NORTH KINGSTOWN — When Trooper Dan O’Neil finally caught up with his K9 partner Ruby in a neighbor’s back yard early Tuesday morning near Goddard Park, hours after she’d gone missing, Ruby had her tail and her ears down.
She knew she had gotten herself into a little bit of trouble.
Her daring and inexplicable escape from O’Neil’s fenced-in yard had prompted an outpouring of concern and a mobilization of volunteers Monday night. They scoured the Warwick-East Greenwich border area to find her in the sort of operation that she usually leads — snout first.
But all was well that ended well: O’Neil was ecstatic to be reunited with Ruby, and even more aware than usual that while Ruby is a working dog, she is still a dog.

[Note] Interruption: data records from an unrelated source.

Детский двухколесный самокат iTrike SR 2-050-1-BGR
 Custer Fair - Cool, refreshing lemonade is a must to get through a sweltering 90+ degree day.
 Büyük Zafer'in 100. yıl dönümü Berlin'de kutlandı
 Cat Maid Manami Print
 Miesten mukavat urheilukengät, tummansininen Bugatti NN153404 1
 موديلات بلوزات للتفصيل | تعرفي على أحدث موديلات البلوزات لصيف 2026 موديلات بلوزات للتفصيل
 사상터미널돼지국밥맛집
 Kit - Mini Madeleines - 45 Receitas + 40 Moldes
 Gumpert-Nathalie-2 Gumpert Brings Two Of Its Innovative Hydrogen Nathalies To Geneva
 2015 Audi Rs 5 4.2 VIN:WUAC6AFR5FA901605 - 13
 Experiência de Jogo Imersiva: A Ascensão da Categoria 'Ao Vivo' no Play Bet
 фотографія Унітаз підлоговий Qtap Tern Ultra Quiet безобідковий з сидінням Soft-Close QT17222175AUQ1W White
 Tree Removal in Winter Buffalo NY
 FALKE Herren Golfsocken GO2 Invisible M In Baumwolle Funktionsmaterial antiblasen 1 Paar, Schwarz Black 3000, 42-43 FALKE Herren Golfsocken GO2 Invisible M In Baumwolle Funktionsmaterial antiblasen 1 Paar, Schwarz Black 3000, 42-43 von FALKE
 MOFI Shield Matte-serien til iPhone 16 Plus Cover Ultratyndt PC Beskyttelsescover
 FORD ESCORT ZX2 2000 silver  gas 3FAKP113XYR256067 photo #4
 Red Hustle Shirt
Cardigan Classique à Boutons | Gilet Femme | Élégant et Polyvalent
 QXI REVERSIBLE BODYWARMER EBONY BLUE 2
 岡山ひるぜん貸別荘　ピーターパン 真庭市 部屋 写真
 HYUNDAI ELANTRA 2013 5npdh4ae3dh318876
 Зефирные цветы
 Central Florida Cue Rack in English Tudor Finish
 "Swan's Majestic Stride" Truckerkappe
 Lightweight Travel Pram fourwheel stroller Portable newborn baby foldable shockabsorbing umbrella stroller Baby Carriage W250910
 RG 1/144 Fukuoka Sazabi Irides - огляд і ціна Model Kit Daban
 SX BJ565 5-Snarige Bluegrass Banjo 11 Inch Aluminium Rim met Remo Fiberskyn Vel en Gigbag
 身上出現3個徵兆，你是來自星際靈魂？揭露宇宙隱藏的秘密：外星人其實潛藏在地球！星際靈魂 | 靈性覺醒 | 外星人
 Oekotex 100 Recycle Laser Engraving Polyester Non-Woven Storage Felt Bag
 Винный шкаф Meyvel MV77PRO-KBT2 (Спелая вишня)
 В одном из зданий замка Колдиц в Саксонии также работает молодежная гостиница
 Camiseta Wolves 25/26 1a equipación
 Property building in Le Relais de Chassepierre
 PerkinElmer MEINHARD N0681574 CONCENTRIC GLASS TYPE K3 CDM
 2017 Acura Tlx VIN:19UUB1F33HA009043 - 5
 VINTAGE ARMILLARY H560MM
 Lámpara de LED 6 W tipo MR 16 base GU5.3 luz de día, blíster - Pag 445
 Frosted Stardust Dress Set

“With the big hug I gave her when we put her back into the car, she was very happy to be home,” said O’Neil at a press conference at the Wickford Barracks, as Ruby barked hello at the reporters, sniffed their microphones and flopped around on the ground.
Ruby is one of more than a dozen dogs that the Rhode Island State Police use for various operations, like detecting drugs or bombs. She specializes in search and rescue missions; on Monday night into Tuesday, she was sought and rescued.
O’Neil said he let Ruby and his new puppy, a 6-month-old white Swiss shepherd, play in the fenced-in back yard while he put up Christmas decorations in the front yard at about 10 a.m. He was off duty at the time. The new puppy then came around to the front yard — without Ruby. Ruby was gone, somehow escaping from the eight-foot-high stockade fencing.
It was the first time in their eight years together that something like this has ever happened, O’Neil said.
At about 1 a.m. Tuesday, a neighbor called the state police to report Ruby was in his back yard. O’Neil responded himself.
By the time she got back home, Ruby was in perfectly good health. In fact, she didn’t seem to miss a beat. Later Tuesday she was going to do a demonstration for some local kids of what the collie and Australian shepherd mix is capable of.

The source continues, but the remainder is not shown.